Fire by Kristin Cashore

FireA review by Rebecca Muir

Fire is a prequel to Graceling, but can be read as a stand-alone novel by anyone who hasn’t read Graceling (if you plan to read them both, it would be recommended to read Graceling first). Although it is as well written and as interesting a story line as Graceling, the tone is darker and grittier. This didn’t appeal to me as much, but will probably appeal to some readers more. It may be less suitable for younger readers.

The story is set in a land over a mountain range from the seven kingdoms of Graceling – mountains so high that there is little or no interaction between the two sides. On this side of the range there are creatures called monsters, like ordinary creatures except for their brilliant colours, their exceptional beauty giving them powers of allurement and control – and their hunger for the flesh of other monsters. There are monster birds, monster lions, monster bears, even monster bugs, and monster people. The book follows a young monster woman, Fire.

Fire has always been in danger from other monster creatures who hunger for her flesh. Fire is also in danger from humans who are scared of her and hate her for who she is, for the power she can wield over them and even for their own attraction to her. As the book unfolds, however, Fire and those close to her realise that there is a new threat – even greater because they do not know the true nature of it. There is also the constant threat to the land from two feuding lords who both seek to overthrow the young king.

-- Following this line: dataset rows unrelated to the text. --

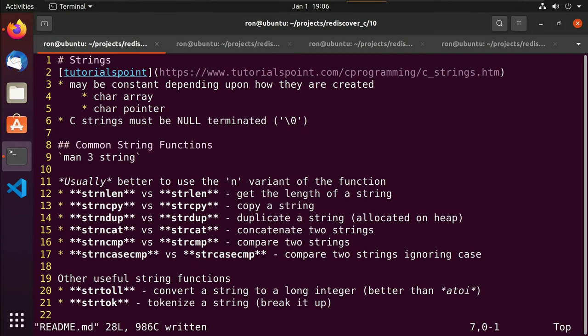Hey guys, this is Ron. This is video 10 of our series on rediscovering the C programming language. In this video we'll talk about the use of strings inside of our C programs. There are a lot of different functions and things to talk about with strings — I'm only going to cover a few and leave the rest for your own discovery, as this video would get extremely long otherwise. I'll talk about a couple of things I think are important to get you moving in the right direction.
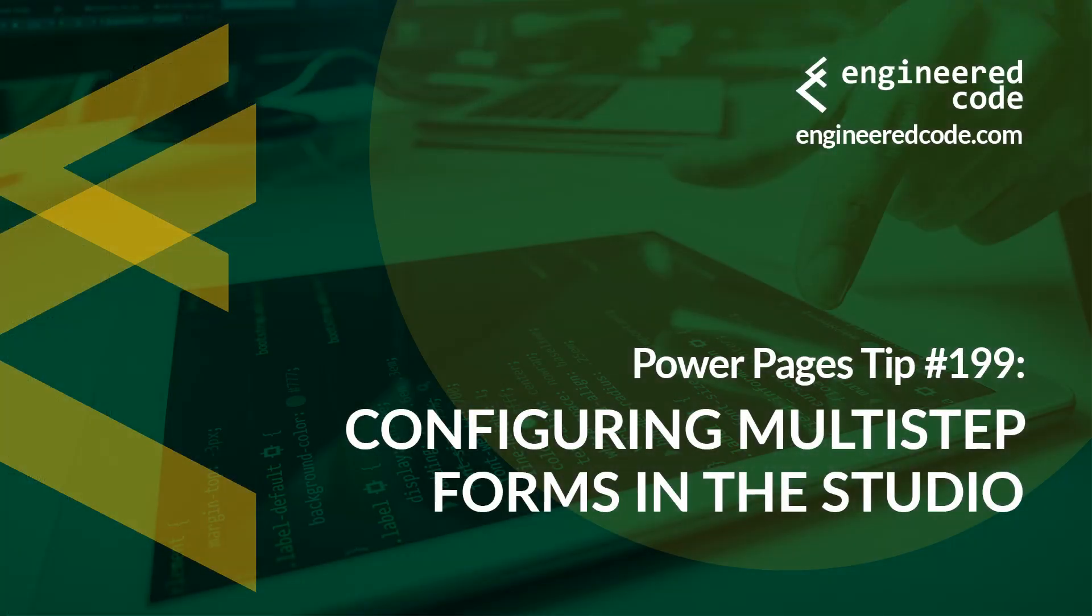Thanks for watching, and I hope you found the Power Pages tip number 199 on configuring multi-step forms in the studio useful.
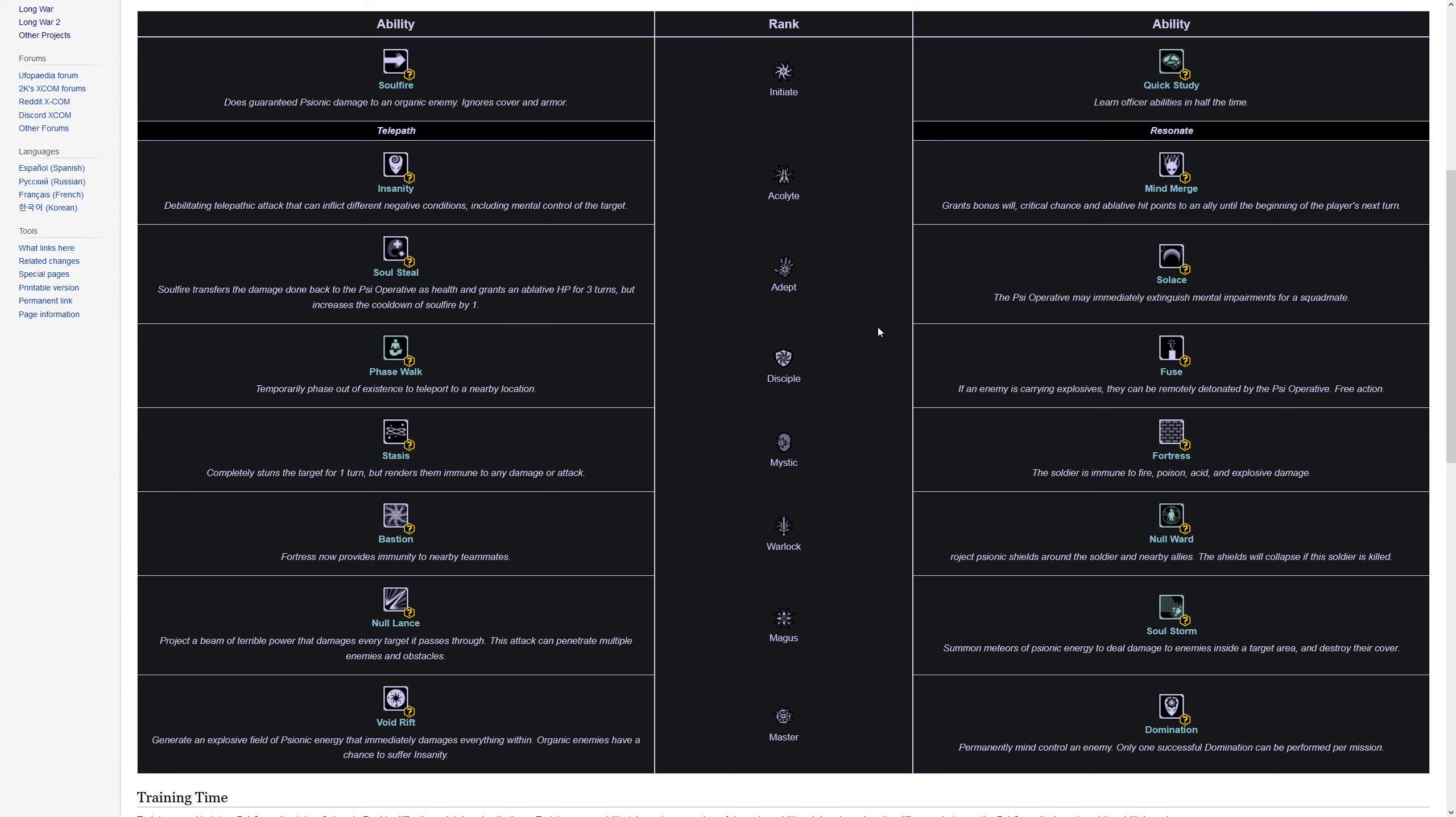Hello and welcome back to one final Long War of the Chosen class guide. Today we're going to be looking at the psionics class, but we're not going to be going into the game. This is just going to be a wiki exercise because the class works a little bit different.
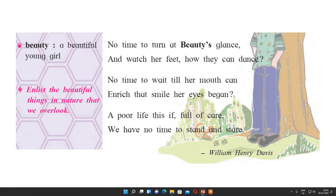'A poor life this if, full of care, we have no time to stand and stare.' If you are passing through the forest with no time to see it, passing a beautiful girl with no time to look at her, no time to see the stream in broad daylight — then your life is very poor; nothing you have gained from life. The poet wants to give us the message that we have to spend some time in nature, because from nature we learn so many things and it is the best way to relax our mind.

Fire must come to terms with who she is and what she can do. She must learn to trust other people and to face up to the reactions she elicits from people all around her. She must also come to terms with the lurking nightmares of her past. It is a book about friendship and love, but primarily it is a book about identity, and what it is that shapes who we are – our past, our parents, our experiences, our abilities and our relationships with those around us.

Previously published in Dark Matter issue 5, September 2011.  This blog has been pre-dated to reflect the date of original publication.